S egún la Enciclopedia Británica de los grandes inventos, el descubrimiento de la regadera sucedió en el 2028 a. C. Su autor fue el griego Heráclito de Siracusa y la Enciclopedia lo describe como un hermeneuta de mediana estatura, de rasgos afeminados que peinaba sus largos cabellos en forma de cola de caballo y cuando en su mente aparecía una nueva idea profería un rebuzno de alegría, tenía los ojos cacoquimios, la nariz aguileña y de su boca, siempre entreabierta como la del célebre papamoscas de la catedral de Burgos, salía constantemente un hilillo de baba que confirmaba su descubrimiento. Poseía grandes saberes sobre hidrología, la geometría euclidiana y su estudio sobre la esfericidad positiva de los pequeños agujeros fueron la clave para lograr la perfecta regadera.

Pocos años después, este genial invento de Heráclito de Siracusa supuso un gran avance para el regadío de las huertas de Grecia que a partir de entonces dieron unas extraordinarias cosechas jamás conocidas.

Para purificarse con aquella lluvia mágica, la regadera comenzó a usarse por los sacerdotes de los templos de Venus, Palas Atenea y de todos los dioses que formaban la mitología griega.
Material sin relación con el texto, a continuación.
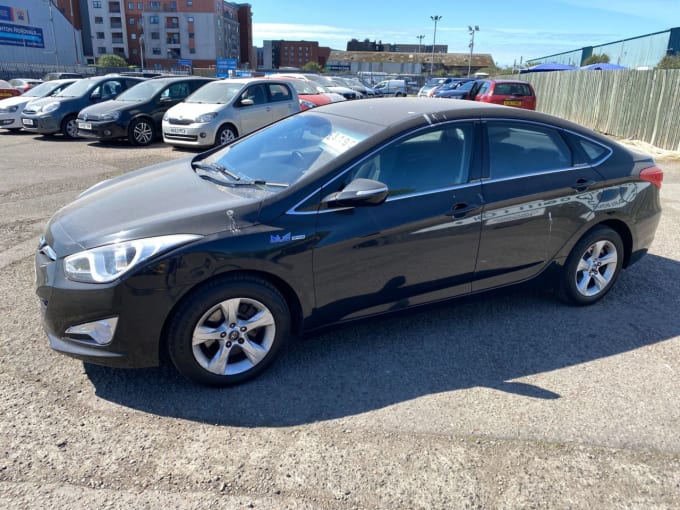 2013 Hyundai I40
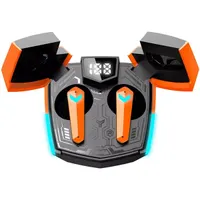 CANYON CND-GTWS2O Doublebee GTWS-2 narancssárga-fekete True Wireless Bluetooth 5.3 13 mm USB-C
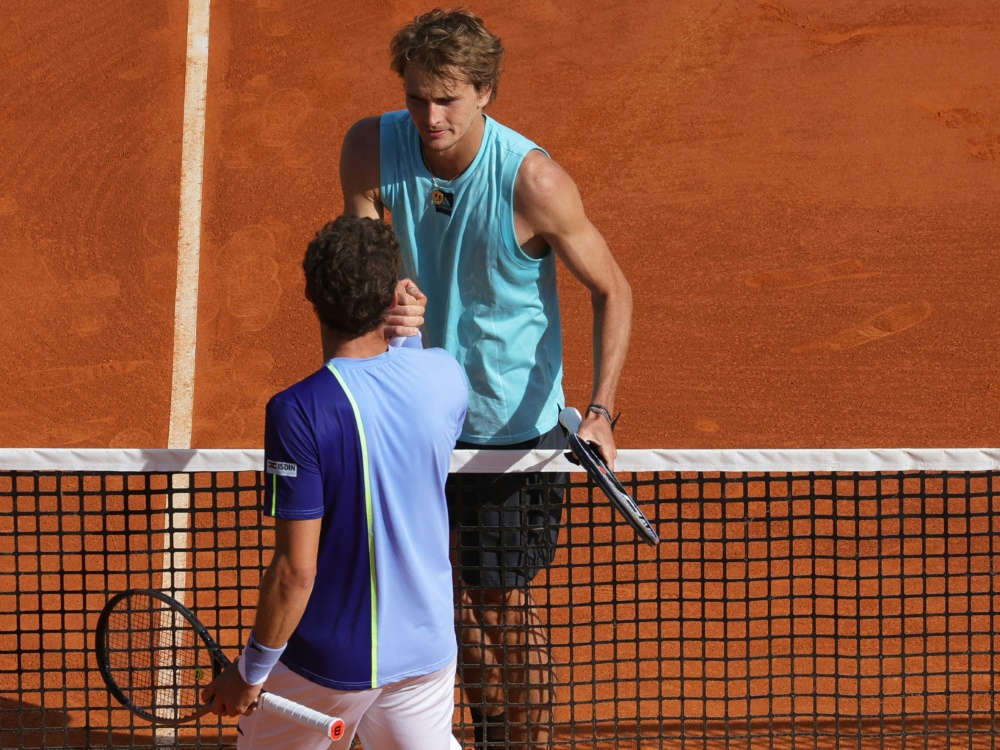 Zverev trifft im Viertelfinale auf Sinner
 En 1412 la regadera de los griegos se transforma en alcachofa de ducha por obra de la feliz idea de Leonardo da Vinci, al acoplarle la doble tubería, una con agua caliente y otra fría para regular la temperatura del agua.

El primer artificio se instaló en el palacio del gran Dux de Venecia, Paolo Lucio Anafesto, situado en la actual plaza de San Marcos. Se eligió una sala especial presidida por el cuadro de Botticelli El nacimiento de Venus. Y para demostrar los benéficos efectos que la nueva ducha producía sobre su egregia familia, el Dux ordenó que la sala estuviera separada en dos partes por una gruesa lámina de cristal de Murano para que los Orsini, Sforza, Colonna y otras ilustres familias, junto con el colegio cardenalicio, tuvieran un lugar privilegiado para contemplar el espectáculo. Pero los purpurados muy pronto dejaron de asistir a las duchas ducales al observar un deleite sensual en el lavado y frotamiento de ciertas partes del cuerpo con los nuevos jabones de olor creados por los perfumistas de Módena.
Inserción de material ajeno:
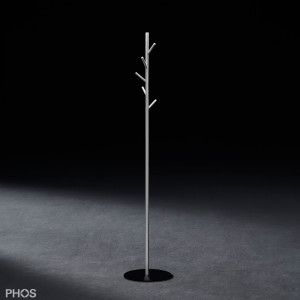 GSTR-BPS Вешалка для одежды ramus, основание: черное. PHOS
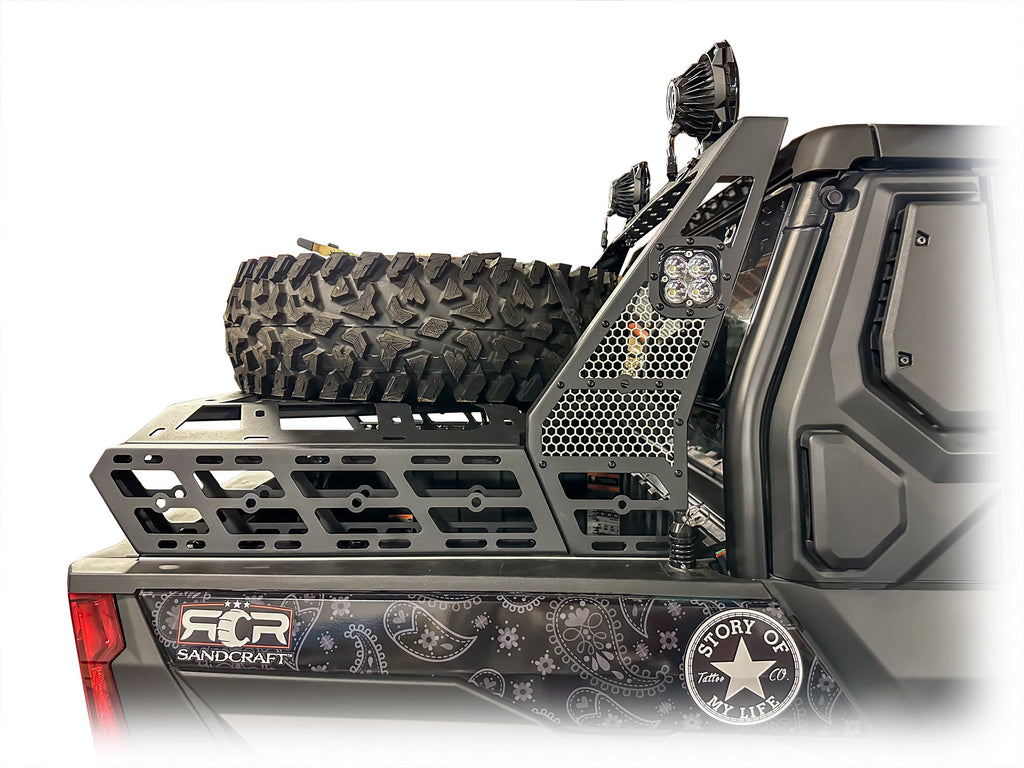 Chase Rack / Tire Carrier System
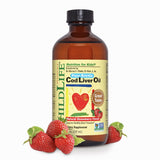 ChildLife Essentials aceite higado bacalao, gotero para dosis diaria suave.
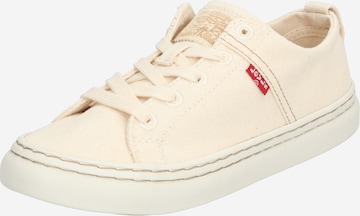 LEVI'S ® Sneakers laag 'SHERWOODS' in Beige: voorkant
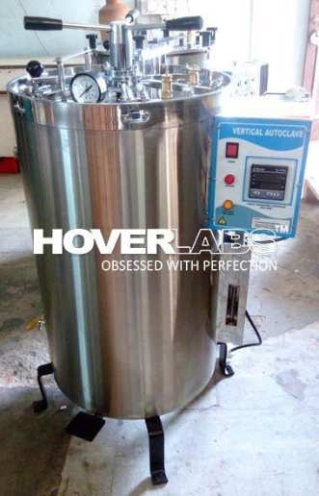 Vertical Autoclave (Model: HV-101-ACA)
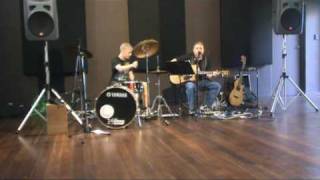 Aiden & Greg with Scratch Beneath the Surface, Midland Arts Centre Perth Australia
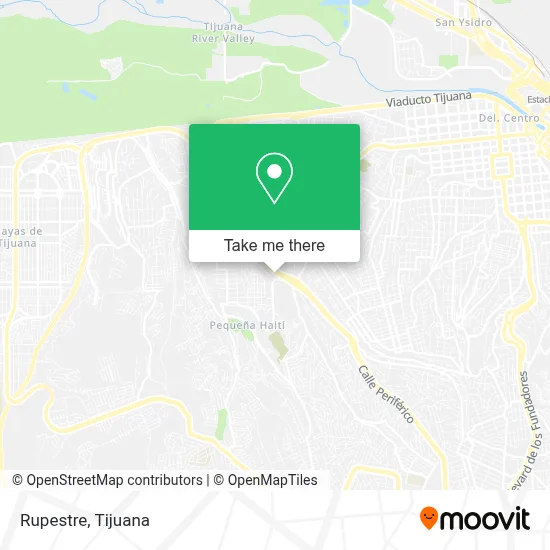 Rupestre map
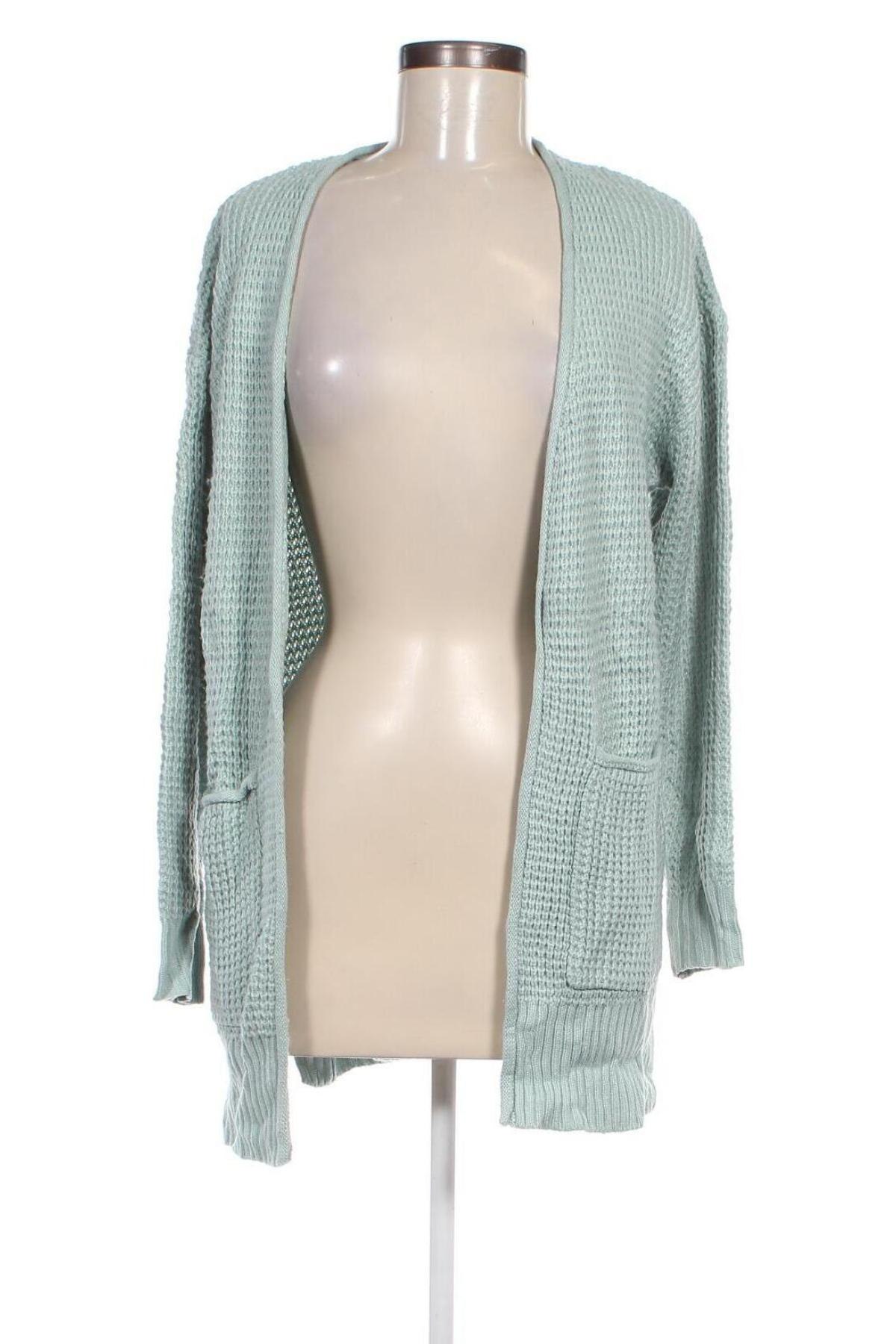 Cardigan de damă Zesica, Mărime S, Culoare Verde, Preț 33,99 Lei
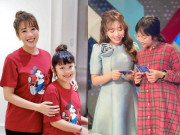 Giải trí - Con gái MC Diệp Chi cao vượt trội khi 9 tuổi, không dám nghĩ chuyện làm người mẫu 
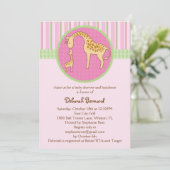 Mama-und Einladung (Stehend Vorderseite)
Años más tarde, el Papa Alejandro Sexto, gran humanista y liberal, declaró la ducha benéfica para la humanidad en su Encíclica Acua Santa in Corpore Sano.

En 1780 la doctora francesa Silvette Pigassou inventó el bidet para la higiene de las damas de la corte de Versalles, y veinte años después el físico Jack Latour tuvo la idea de instalar en el bidet una pequeña ducha cuyo efecto de surtidor milagroso limpiaba, higienizaba y perfumaba las partes secretas de la mujer sentada cómodamente en el gracioso artilugio, mientras llena de alegría cantaba La Marsellesa.